START Dataset content

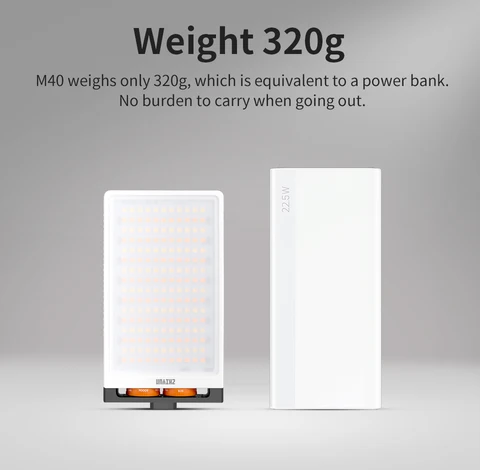 Zhiyun FIVERAY M40  двухцветный LED светильник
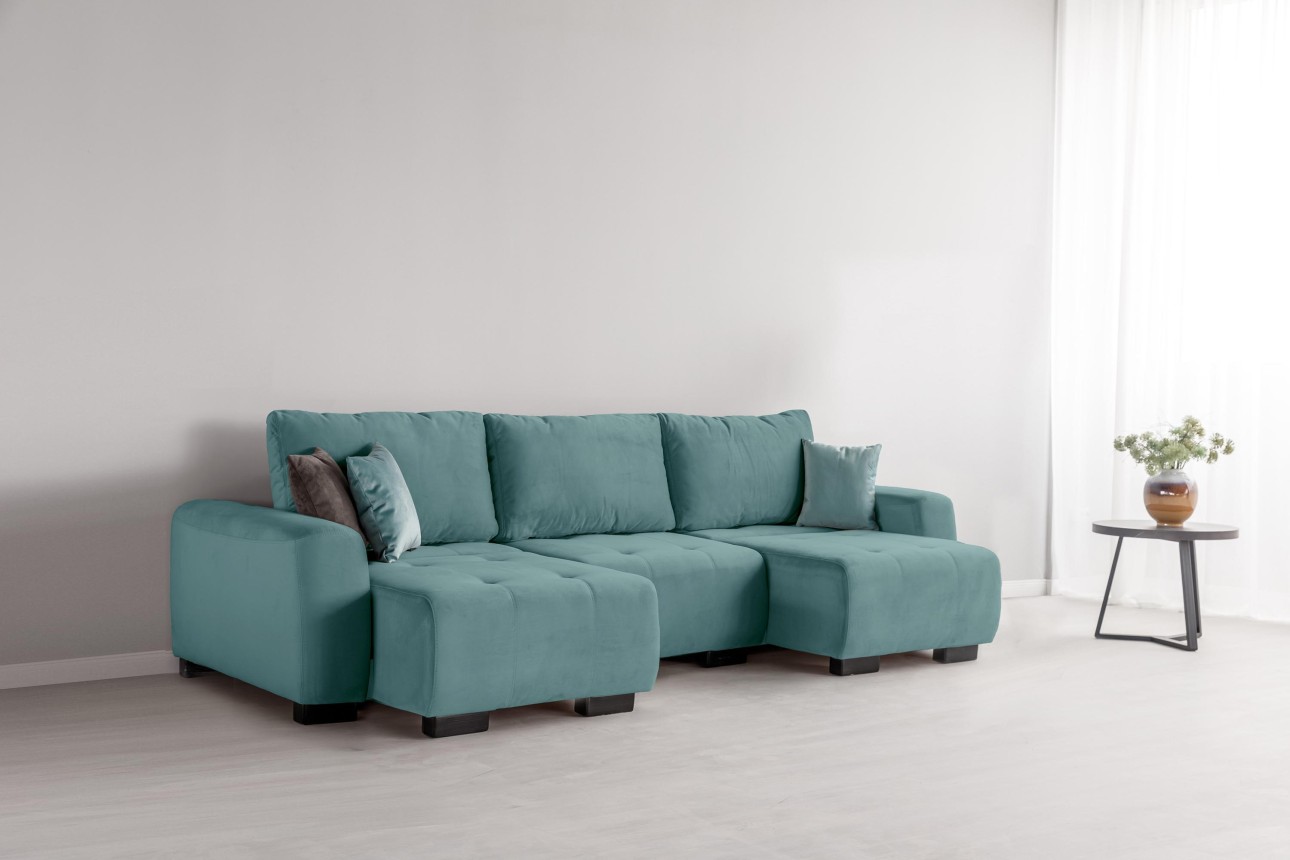 Canapea modulară KING 3 (700), cu lada depozitare, 2650x1170x720 mm, spațiu de dormit 2100x1600 mm.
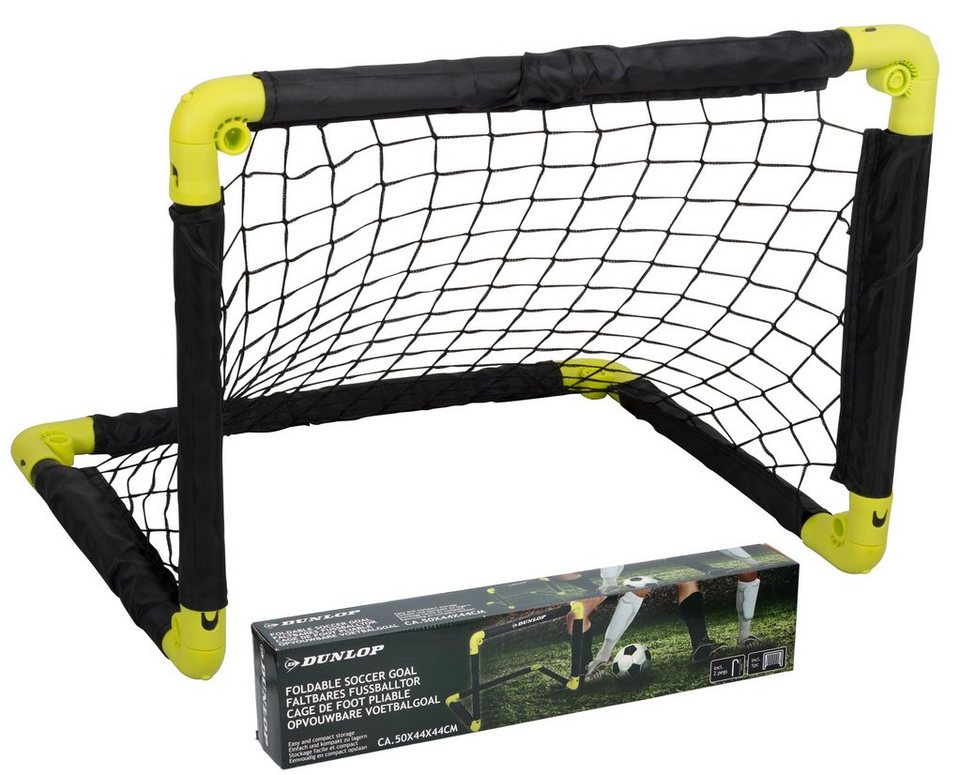 Dunlop Fußballtor »2X Fußballtor Set 2 Tore 50 cm mit Netz Fußballspiel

END Dataset content

What is required:
Print, exactly and only, the lines running from the line with "Canapea modulară KING" through the last line of the data, including both. Skip any picture.

Answer for the task:
 Canapea modulară KING 3 (700), cu lada depozitare, 2650x1170x720 mm, spațiu de dormit 2100x1600 mm.
 Dunlop Fußballtor »2X Fußballtor Set 2 Tore 50 cm mit Netz Fußballspiel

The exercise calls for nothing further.